::: INFORMATION :::

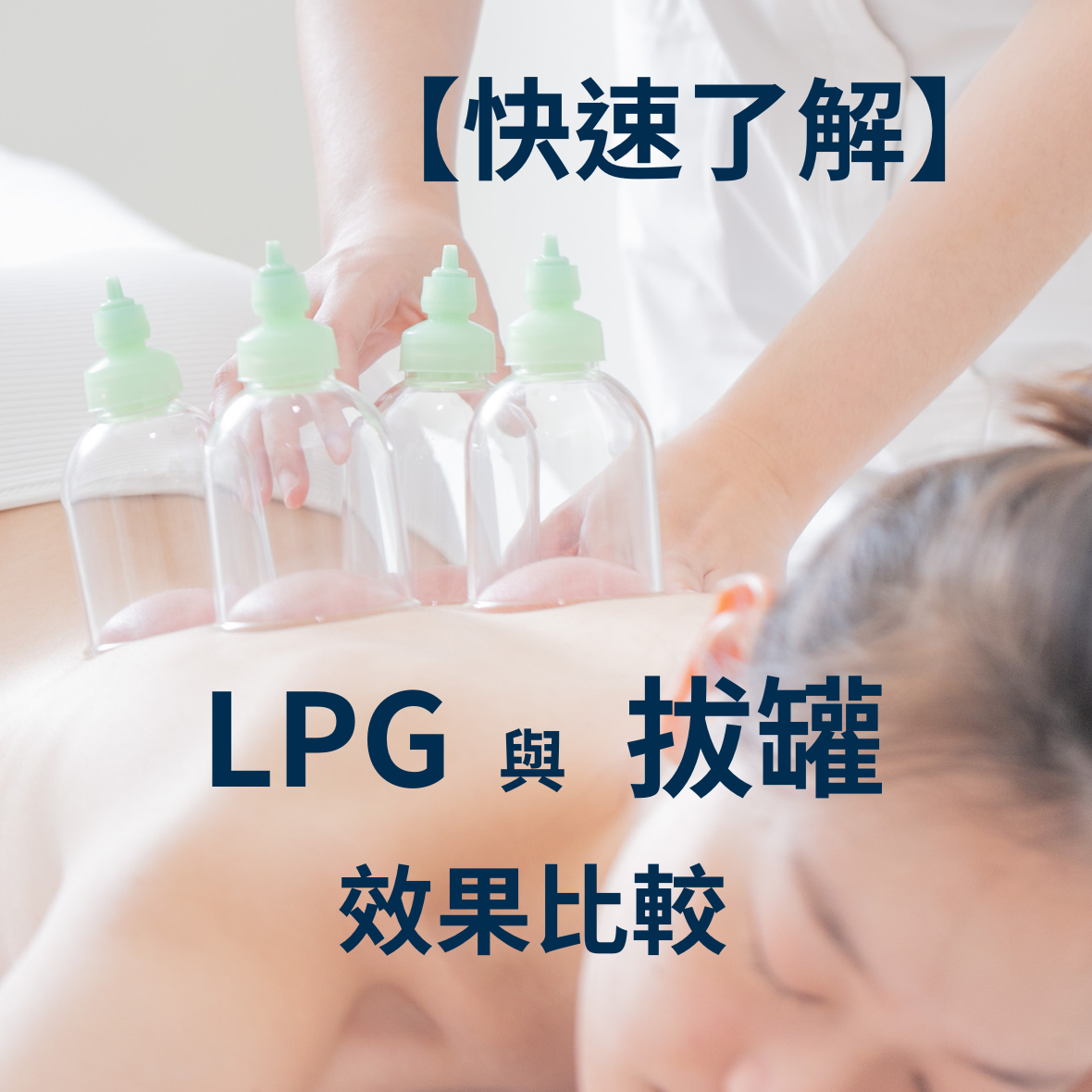 lpg體雕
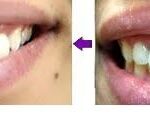 רווח בין השיניים ציפוי חרסינה
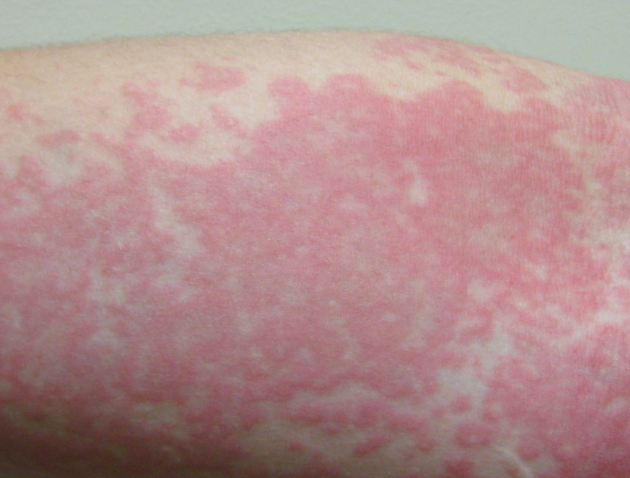 Symptoms of Covid : Coronavirus: Skin rash can be just COVID-19 manifestation and ought to be fourth key sign, study finds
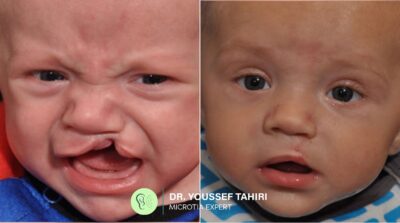 Before & After result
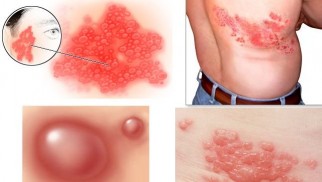 What is herpes zoster and does it require treatment or not?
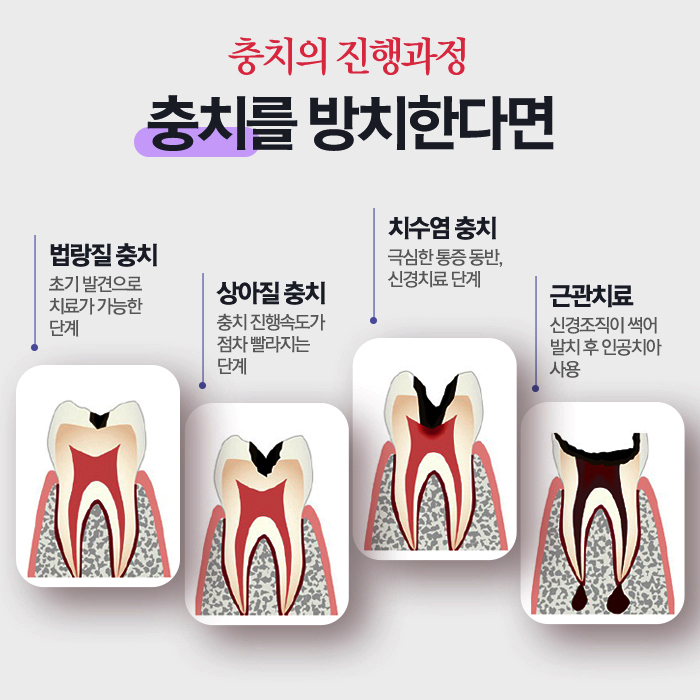 봉천동치과 스케일링 꼭 받는게 좋아요 관련 이미지 7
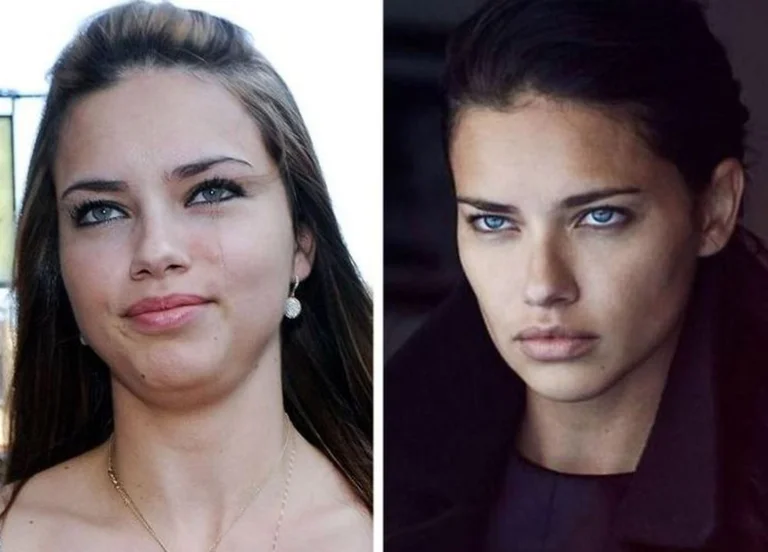 The trend of the jaw and cheekbones highlighted: V IPs before and after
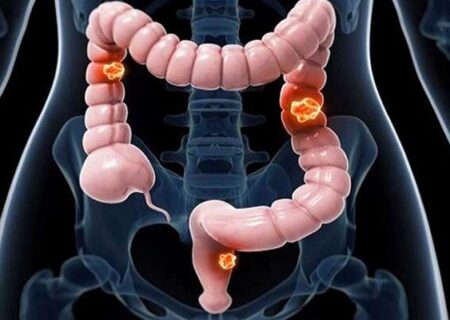 عوامل ابتلا به سرطان روده بزرگ را بشناسیم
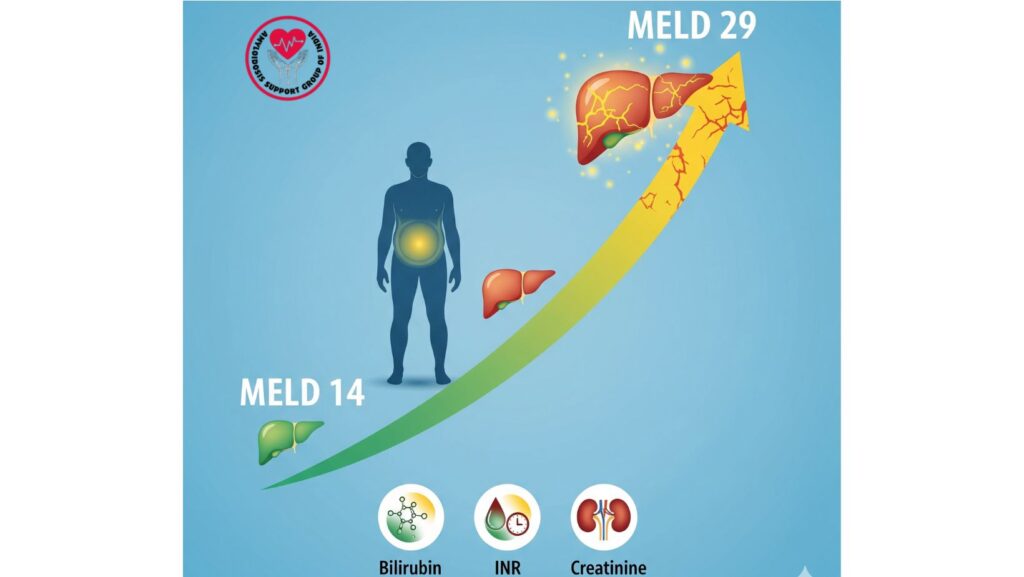 Sudden Progression of Liver Disease
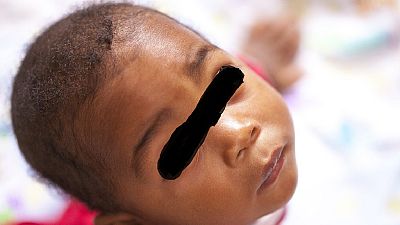 Ouganda : le virus du Sida injecté à un bébé ?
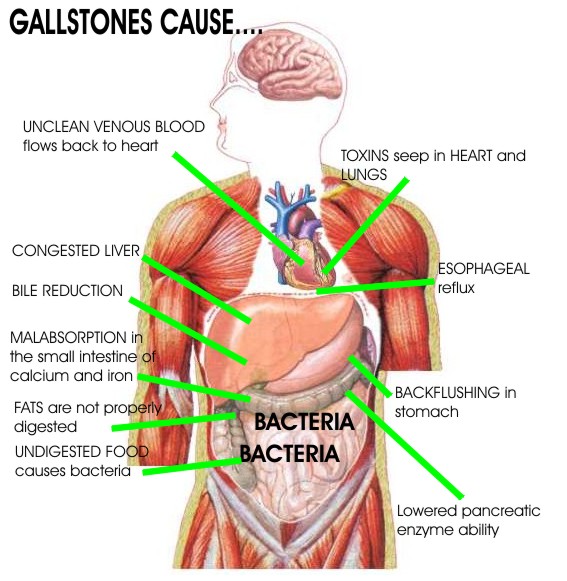 causes of stones in gallbladder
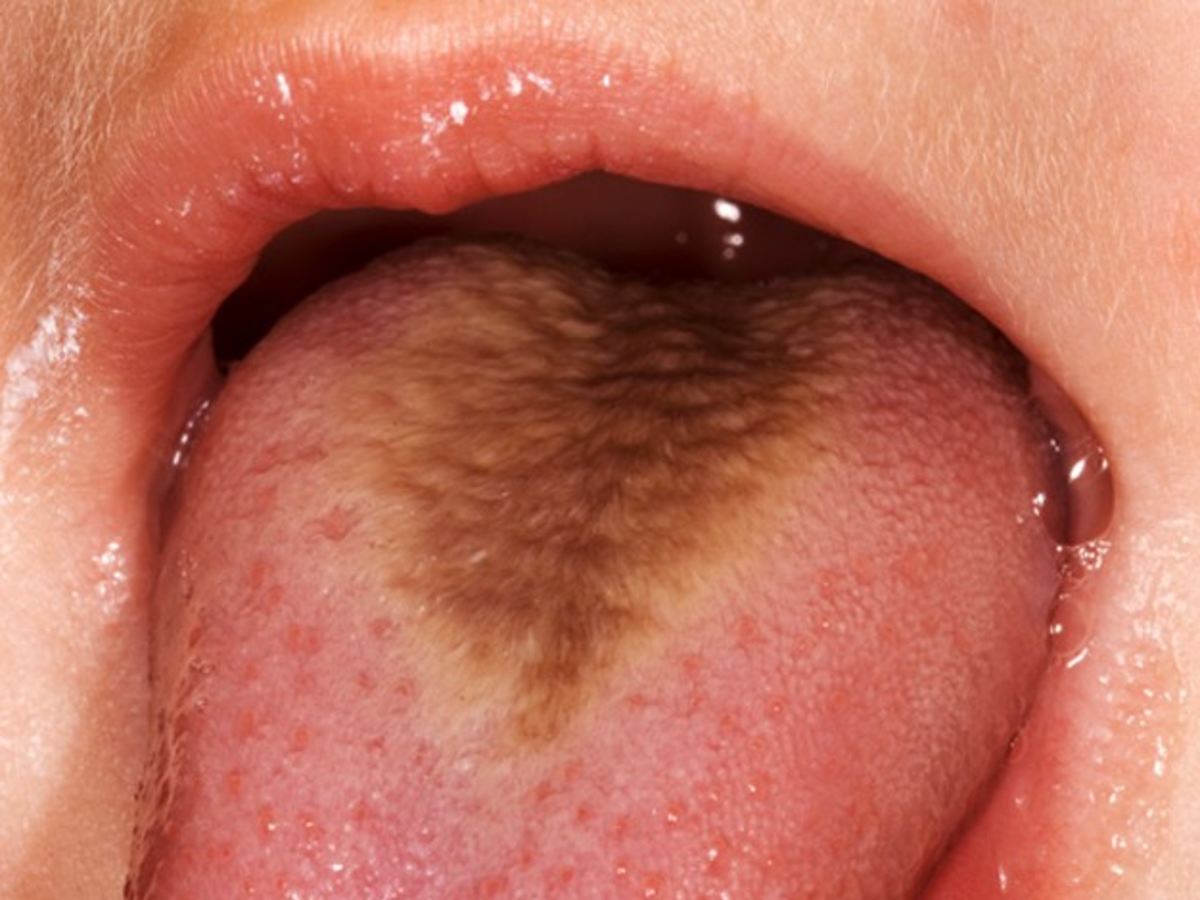 hairy tongue from smoking cigarettes Poster Smoker Gets Green & Hairy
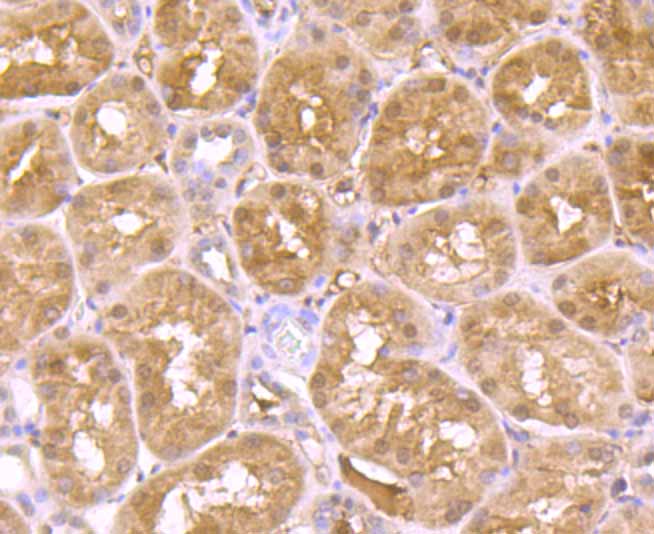 ADAR Rabbit mAb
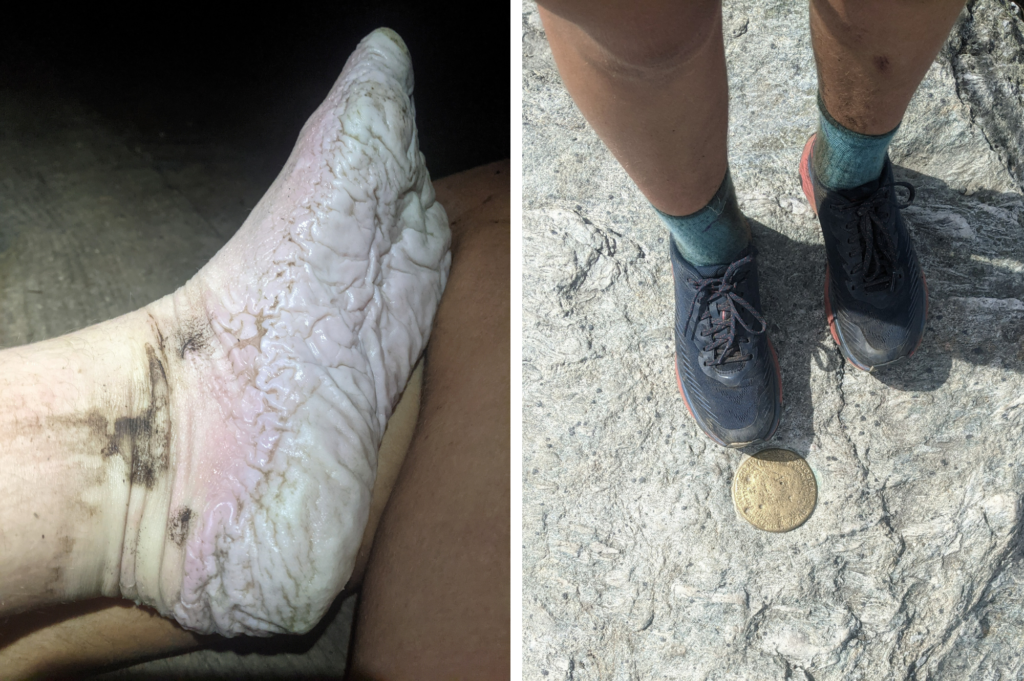 Trench foot (left) vs healthy feet in shoes (right); courtesy, Mikaela Osler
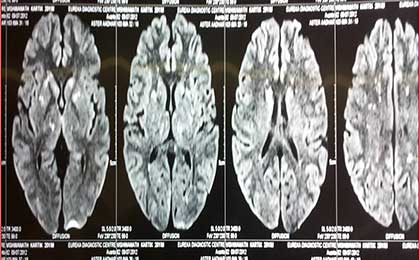 Fat Embolism Syndrome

:::

» **YOUR GOAL**: For the entries above, the output must hold exactly the lines from the one with "רווח בין השיניים ציפוי חרסינה" through the last line, both included, and no pictures.

» **THE ANSWER**:
 רווח בין השיניים ציפוי חרסינה
 Symptoms of Covid : Coronavirus: Skin rash can be just COVID-19 manifestation and ought to be fourth key sign, study finds
 Before & After result
 What is herpes zoster and does it require treatment or not?
 봉천동치과 스케일링 꼭 받는게 좋아요 관련 이미지 7
 The trend of the jaw and cheekbones highlighted: V IPs before and after
 عوامل ابتلا به سرطان روده بزرگ را بشناسیم
 Sudden Progression of Liver Disease
 Ouganda : le virus du Sida injecté à un bébé ?
 causes of stones in gallbladder
 hairy tongue from smoking cigarettes Poster Smoker Gets Green & Hairy
 ADAR Rabbit mAb
 Trench foot (left) vs healthy feet in shoes (right); courtesy, Mikaela Osler
 Fat Embolism Syndrome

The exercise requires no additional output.